*Aim of the task*: Output, word for word, each line from the one with "Harley Quinn Cosplay" through the end of the listing below, excluding every picture.

*** Data records ***

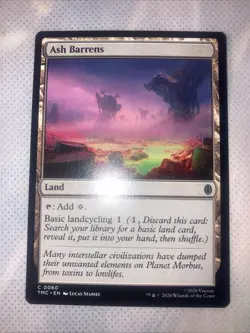 magic the gathering TMNT Ash Barrens Lot (2 surge Foil 2 Reg) - Image 2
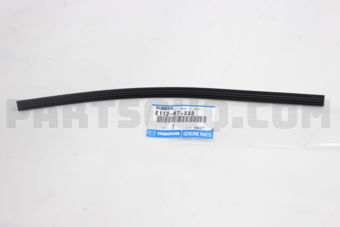 E11267333 RUBBER,BLADE-REAR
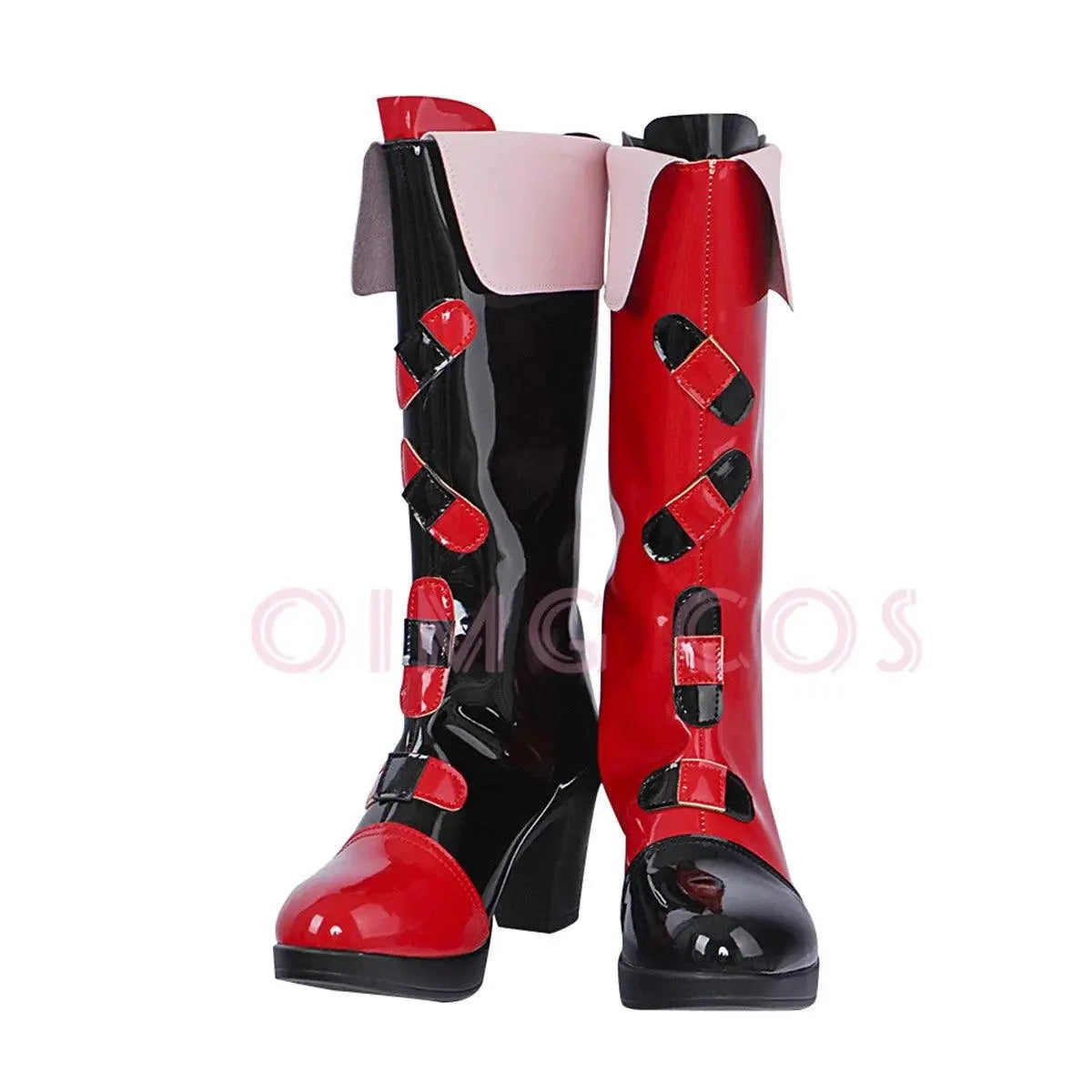 Harley Quinn Cosplay Shoes Anime Chinese Style Halloween for men Game Role playing props - Tophatter Daily Deals
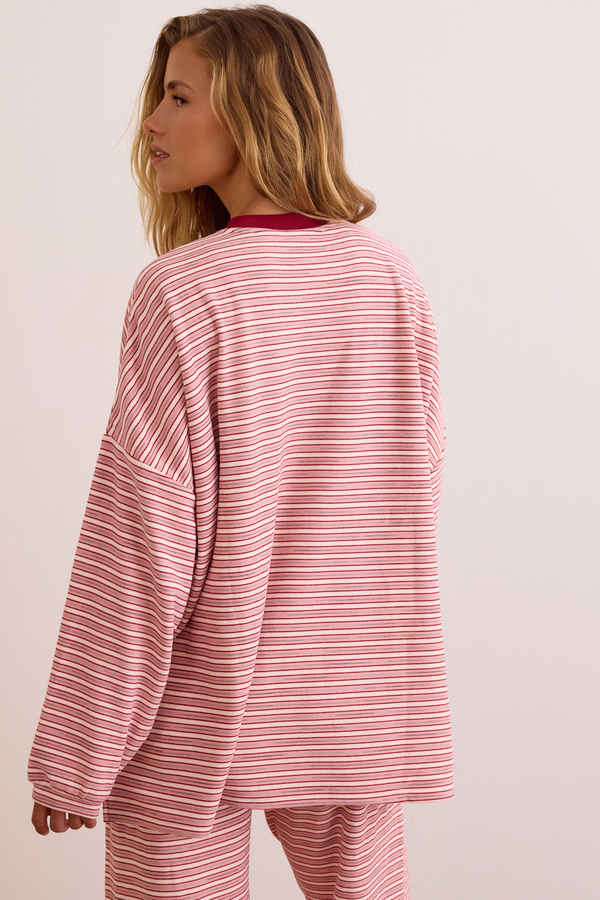 Stripe Society Top Detail 5 - Altar'd State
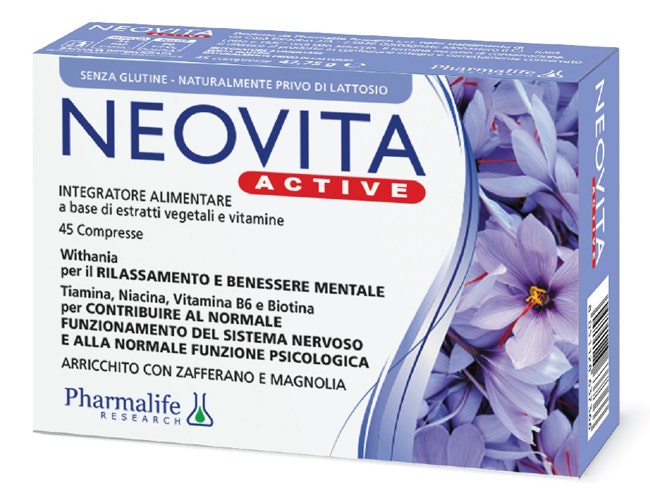 NEOVITA ACTIVE 45 comprimidos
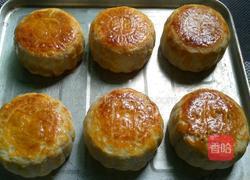 豆沙双黄月饼的做法图解19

*** End of Data records ***

*Finished task*:
 Harley Quinn Cosplay Shoes Anime Chinese Style Halloween for men Game Role playing props - Tophatter Daily Deals
 Stripe Society Top Detail 5 - Altar'd State
 NEOVITA ACTIVE 45 comprimidos
 豆沙双黄月饼的做法图解19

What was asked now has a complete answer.